This is a technical result that I wanted to check before writing up a major piece on value loading.

The purpose of a utility function is to give an agent criteria with which to make a decision. If two utility functions always give the same decisions, they're generally considered the same utility function. So, for instance, the utility function u always gives the same decisions as u+C for some constant C, or Du for some positive constant D. Thus we can say that utility functions are equivalent if they are related by a positive affine transformation.

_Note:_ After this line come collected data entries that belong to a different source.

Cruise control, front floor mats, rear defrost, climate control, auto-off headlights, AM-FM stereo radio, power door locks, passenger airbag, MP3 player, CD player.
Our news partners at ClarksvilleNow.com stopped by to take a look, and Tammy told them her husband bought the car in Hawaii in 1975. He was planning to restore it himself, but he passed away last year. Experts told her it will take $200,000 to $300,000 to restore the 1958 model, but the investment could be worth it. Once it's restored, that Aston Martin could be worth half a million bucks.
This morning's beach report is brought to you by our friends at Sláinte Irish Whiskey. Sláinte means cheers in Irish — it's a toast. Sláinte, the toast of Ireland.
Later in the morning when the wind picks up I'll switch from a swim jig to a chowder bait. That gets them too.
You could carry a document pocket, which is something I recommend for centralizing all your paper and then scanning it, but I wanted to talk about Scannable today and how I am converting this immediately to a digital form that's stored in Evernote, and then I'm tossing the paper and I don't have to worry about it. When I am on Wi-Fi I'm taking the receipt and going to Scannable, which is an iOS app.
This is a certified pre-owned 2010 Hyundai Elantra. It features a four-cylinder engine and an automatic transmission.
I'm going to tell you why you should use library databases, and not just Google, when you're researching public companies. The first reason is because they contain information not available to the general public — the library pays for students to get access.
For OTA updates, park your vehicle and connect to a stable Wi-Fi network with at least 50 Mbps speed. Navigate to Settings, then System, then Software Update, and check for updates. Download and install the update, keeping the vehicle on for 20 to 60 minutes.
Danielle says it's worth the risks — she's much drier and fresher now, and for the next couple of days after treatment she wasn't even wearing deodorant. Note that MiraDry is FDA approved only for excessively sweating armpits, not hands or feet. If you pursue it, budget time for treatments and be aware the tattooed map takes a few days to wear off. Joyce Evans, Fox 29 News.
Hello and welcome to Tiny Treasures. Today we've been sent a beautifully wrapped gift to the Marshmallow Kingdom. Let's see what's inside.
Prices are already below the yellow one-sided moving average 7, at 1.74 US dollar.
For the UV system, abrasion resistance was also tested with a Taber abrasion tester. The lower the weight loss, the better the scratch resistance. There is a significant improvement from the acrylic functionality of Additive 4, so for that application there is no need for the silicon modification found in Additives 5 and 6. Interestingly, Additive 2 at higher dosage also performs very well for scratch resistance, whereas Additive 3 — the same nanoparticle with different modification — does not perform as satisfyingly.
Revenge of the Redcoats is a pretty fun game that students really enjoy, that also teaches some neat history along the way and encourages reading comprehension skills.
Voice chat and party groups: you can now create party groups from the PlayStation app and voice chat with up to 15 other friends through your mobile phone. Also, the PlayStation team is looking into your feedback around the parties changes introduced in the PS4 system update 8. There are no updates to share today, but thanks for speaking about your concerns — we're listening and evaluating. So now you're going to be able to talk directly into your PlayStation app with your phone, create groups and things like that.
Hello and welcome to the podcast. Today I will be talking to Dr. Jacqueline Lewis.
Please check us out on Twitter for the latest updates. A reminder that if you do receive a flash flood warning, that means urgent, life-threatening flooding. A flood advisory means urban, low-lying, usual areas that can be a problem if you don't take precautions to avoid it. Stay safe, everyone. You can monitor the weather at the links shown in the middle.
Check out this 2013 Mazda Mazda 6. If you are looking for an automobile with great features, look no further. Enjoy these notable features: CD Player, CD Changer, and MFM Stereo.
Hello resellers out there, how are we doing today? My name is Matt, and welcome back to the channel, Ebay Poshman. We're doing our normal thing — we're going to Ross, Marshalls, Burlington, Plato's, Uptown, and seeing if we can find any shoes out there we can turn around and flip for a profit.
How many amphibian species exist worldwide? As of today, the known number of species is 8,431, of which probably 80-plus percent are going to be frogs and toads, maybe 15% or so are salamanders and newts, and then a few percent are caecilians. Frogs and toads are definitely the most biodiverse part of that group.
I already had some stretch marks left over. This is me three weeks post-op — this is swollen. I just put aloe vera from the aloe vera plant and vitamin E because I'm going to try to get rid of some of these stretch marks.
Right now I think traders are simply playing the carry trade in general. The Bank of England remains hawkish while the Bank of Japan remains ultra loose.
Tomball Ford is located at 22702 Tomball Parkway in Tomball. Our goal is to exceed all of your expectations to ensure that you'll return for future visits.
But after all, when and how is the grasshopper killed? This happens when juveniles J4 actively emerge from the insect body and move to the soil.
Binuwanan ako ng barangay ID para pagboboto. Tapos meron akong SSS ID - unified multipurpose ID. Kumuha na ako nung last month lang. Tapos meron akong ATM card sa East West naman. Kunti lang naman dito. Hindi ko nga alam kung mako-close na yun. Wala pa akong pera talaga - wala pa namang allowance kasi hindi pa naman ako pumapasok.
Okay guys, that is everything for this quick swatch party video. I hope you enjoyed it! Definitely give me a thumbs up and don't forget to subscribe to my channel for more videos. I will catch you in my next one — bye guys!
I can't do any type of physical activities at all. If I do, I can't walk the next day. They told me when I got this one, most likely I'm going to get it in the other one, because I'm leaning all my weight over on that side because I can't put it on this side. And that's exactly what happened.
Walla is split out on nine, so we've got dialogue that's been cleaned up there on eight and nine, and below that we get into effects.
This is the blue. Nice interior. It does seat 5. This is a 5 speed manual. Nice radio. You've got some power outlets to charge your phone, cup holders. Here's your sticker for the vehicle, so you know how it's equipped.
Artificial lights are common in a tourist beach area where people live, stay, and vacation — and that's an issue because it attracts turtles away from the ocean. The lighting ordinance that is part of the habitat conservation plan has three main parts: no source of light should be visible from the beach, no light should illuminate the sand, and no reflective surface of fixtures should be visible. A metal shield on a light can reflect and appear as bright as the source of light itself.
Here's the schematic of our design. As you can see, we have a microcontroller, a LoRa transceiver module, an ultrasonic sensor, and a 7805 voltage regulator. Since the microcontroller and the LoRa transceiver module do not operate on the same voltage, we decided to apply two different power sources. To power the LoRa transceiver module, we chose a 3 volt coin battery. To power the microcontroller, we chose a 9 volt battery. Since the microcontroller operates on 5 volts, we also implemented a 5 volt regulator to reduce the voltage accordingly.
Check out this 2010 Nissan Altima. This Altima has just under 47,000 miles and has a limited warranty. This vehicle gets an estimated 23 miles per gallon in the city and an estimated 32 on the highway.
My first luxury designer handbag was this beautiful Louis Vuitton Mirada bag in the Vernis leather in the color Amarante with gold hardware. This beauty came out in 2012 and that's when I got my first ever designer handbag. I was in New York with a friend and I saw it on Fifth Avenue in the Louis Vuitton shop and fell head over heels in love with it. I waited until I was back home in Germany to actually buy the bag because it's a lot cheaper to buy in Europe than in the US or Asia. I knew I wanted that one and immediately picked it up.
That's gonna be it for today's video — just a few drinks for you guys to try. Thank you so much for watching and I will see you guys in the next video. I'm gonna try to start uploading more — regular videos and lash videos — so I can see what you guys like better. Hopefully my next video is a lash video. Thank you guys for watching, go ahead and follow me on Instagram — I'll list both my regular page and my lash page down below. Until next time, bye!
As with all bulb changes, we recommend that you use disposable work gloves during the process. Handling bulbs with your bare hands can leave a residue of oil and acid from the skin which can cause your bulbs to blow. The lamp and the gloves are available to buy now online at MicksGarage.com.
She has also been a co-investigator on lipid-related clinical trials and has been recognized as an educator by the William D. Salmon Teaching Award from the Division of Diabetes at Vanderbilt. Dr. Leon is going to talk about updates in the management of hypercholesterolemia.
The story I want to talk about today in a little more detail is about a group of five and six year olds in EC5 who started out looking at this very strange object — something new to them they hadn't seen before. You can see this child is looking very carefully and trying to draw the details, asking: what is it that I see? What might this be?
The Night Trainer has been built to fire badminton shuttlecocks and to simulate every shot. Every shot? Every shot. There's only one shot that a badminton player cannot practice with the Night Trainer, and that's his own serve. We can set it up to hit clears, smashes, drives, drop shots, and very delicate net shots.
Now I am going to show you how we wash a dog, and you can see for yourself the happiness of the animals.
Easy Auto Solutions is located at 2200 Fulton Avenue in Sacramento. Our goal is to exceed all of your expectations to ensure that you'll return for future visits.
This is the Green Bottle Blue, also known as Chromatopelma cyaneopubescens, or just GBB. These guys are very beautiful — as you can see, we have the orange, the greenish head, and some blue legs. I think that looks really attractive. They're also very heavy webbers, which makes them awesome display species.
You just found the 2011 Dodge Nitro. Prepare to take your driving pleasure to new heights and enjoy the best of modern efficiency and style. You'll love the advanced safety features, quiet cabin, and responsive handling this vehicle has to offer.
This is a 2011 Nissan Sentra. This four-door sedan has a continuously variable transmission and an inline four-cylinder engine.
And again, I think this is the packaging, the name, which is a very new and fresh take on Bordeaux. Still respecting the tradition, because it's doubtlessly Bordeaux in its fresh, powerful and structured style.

For specific utility functions, and specific agents, the class of functions that give the same decisions is quite a bit larger. For instance, imagine that v is a utility function with the property v("any universe which contains humans")=constant. Then any human who attempts to follow u, could equivalently follow u+v (neglecting acausal trade) - it makes no difference. In general, if no action the agent could ever take would change the value of v, then u and u+v give the same decisions.

More subtly, if the agent can change v but cannot change the expectation of v, then u and u+v still give the same decisions. This is because for any actions a and b the agent could take:

E(u+v | a) = E(u | a) + E(v | a) = E(u | a) + E(v | b).

Hence E(u+v | a) > E(u+v | b) if and only if E(u | a) > E(u | b), and so the decision hasn't changed.

Note that E(v | a) need not be constant for all actions: simply that for every actions and b that an agent could take at a particular decision point, E(v | a) = E(v | b). It's perfectly possible for the expectation of v to be different at different moments, or conditional on different decisions made at different times.

Finally, as long as v obeys the above properties, there is no reason for it to be a utility function in the classical sense - it could be constructed any way we want.


An example: suffer not from probability, nor benefit from it

The preceding seems rather abstract, but here is the motivating example. It's a correction term T that adds or subtracts utility, as external evidence comes in (it's important that the evidence is external - the agent gets no correction from knowing what its own actions are/were). If the AI knows evidence e, and new (external) evidence f comes in, then its utility gets adjusted by T(e,f) which is defined as

T(e,f) = E(u | e) - E(u | e, f)

In other words, the agents utility gets adjusted by the difference between the new expected utility and the old - and hence the agent's expected utility is unchanged by new external evidence.

Consider for instance an agent with a utility u linear in money. It much choose between a bet that goes 50-50 on $0 (heads) or $100 (tails), versus a sure $49. It correctly choose the bet, having an expected utility of u=$50 - in other words, E(u, bet)=$50. But now imagine that the coin comes out heads. The utility u plunges to $0 (in other words E(u | bet, heads)=0). But the correction term cancels that out:

u(bet, heads) + T(bet, heads) = $0 + E(u | bet) - E(u |bet, heads) = $0 + $50 -$0 = $50.

A similar effect leaves utility unchanging if the coin is tails, cancelling the increase. In other words, adding the T correction term removes the impact of stochastic effects on utility.

But the agent will still make the same decisions. This is because before seeing evidence f, it cannot predict its impact on EU(u). In other words, summing over all possible evidences f:

E(u | e) = Σ p(f)E(u | e, f),

which is another way of phrasing "conservation of expected evidence". This implies that

E(T(e,-)) = Σ p(f)T(e,f)

Σ p(f)((E(u | e) - E(u | e, f))

= E(u | e) - Σ p(f)E(u | e, f)

= 0,

and hence that adding the T term does not change the agent's decisions. All the various corrections add on to the utility as the agent continues making decisions, but none of them make the agent change what it does.

The relevance of this will be explained in a subsequent post (unless someone finds an error here).

New Comment
2 comments, sorted by Click to highlight new comments since:

The ghost of Ilya Shpitser will glower at you for conditioning directly on bet, rather than on the counterfactual where you take the bet. But I'd like to see where you go before hammering on that point.

If I understand you, these are the expected values of the utility functions you outline.

Event       |   u  |   T  |u + T
no bet      |  $49 |   $0 | $49
bet         |  $50 |   $0 | $50
bet & heads |   $0 |  $50 | $50
bet & tails | $100 | -$50 | $50

Is that correct?

Yes, I was not looking at subtleties like that :-)

Your table is correct.

EDIT: your table is correct, but there are some extra unimportant subtleties - like the fact that under "bet", you don't have a u, only an expected u.